Zero Moment of Trust Drives Brand Loyalty

Zero Moment of Trust is a critical factor in earning consumer respect and loyalty via your digital brand presence. Zero Moment of Trust is akin to Zero Moment of Truth (ZMOT), which is Google’s concept related to how consumers retrieve and process information via a digital device and make a purchasing decision therefrom. What trust indicators can you leverage across your Web and mobile brand presence to imbue a sense of trust when consumers interact with your brand? This presentation discusses the key trust indicators that you need to pay attention to when considering how your brand appears to consumers.

Trust indicators in social network marketing

Jeremiah Owyang explains the concepts and value of social networks from a marketing perspective in an easily digestible manner. Yang et al (registration required), Battiston et al, and Hill et al discuss the scientific underpinnings of these topics. Juxtaposing these discussions against one another leads to some interesting insights with respect to social media marketing.

Yang notes that in 1967, Stanley Milgram demonstrated that mutual acquaintances drive social network strength. As Yang elaborates:

“[T]he probability that two of someone’s friends know one another is much greater than than the probability that two people chosen randomly from the population know one another.”

Yang illustrates the concept of this theory by pointing to the success of Hotmail, which grew from 0 to 12 million users in 18 months.

Battiston explores how “trust” factors between actors in a social network affect the dynamics of recommendations in that social network.

“Trust plays a crucial role in the functioning of such socio-economic networks, not only by supporting the security of contracts [sic?] between agents, but also because agents rely on the expertise of other trusted agents in their decision-making.”

What Battiston drives towards is that trust-based modes of recommendation have an inverse relationship to traditional modes of recommendation, which are primarily based on the volume of recommendations as opposed to the value of recommendations. Battiston argues that trust-based (or value-based) recommendations are inherently better at promoting more satisfying results to actors within a social network.

This, in turn, promotes the propogation of sub-group cultures to form within the social network. And as non-trustworthy agents drop out of the network (because prior recommendations did not fulfill specific trust elements as dictated by the requesting actor), the sub-group refines itself overtime. As more sub-groups are defined within a social network, “network neighbors” emerge amongst members of these sub-groups, where these network neighbors operate as conduits between different sub-groups.

Yang demonstrates that sub-group performance, in terms of marketing results, out-performs all others (this was measured in terms of traditional transaction response rate metrics).
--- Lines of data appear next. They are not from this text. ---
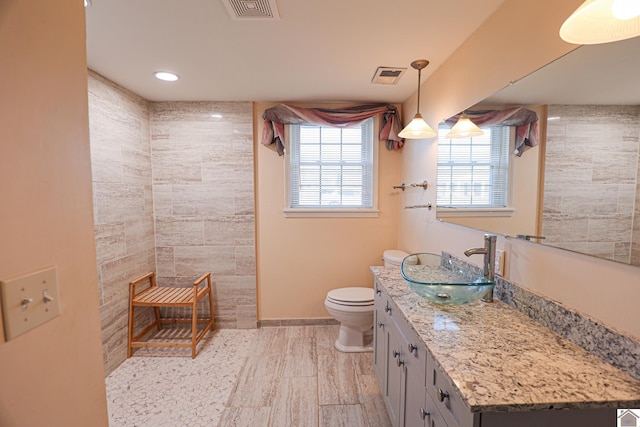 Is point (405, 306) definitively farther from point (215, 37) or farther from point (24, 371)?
point (215, 37)

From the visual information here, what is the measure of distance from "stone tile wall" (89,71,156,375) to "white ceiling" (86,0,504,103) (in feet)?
0.73

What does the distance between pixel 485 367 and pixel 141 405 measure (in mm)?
2191

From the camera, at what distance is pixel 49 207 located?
0.65 m

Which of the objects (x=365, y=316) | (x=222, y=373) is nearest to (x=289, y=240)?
(x=365, y=316)

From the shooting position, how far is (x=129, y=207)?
256 centimetres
Accordingly, marketers must seek out sub-group network neighbors. These individuals are the brand influencers and advocates within a social network. Jerimiah Owyang has an excellent post on the visual display of this information. Leverage Software has developed a product which likely can visually display these sub-group cross-over individuals, thus making the selection of influencers and advocates easier. Perhaps these individuals would be great focus group candidates, “real time” collaborators in product development initiatives, etc?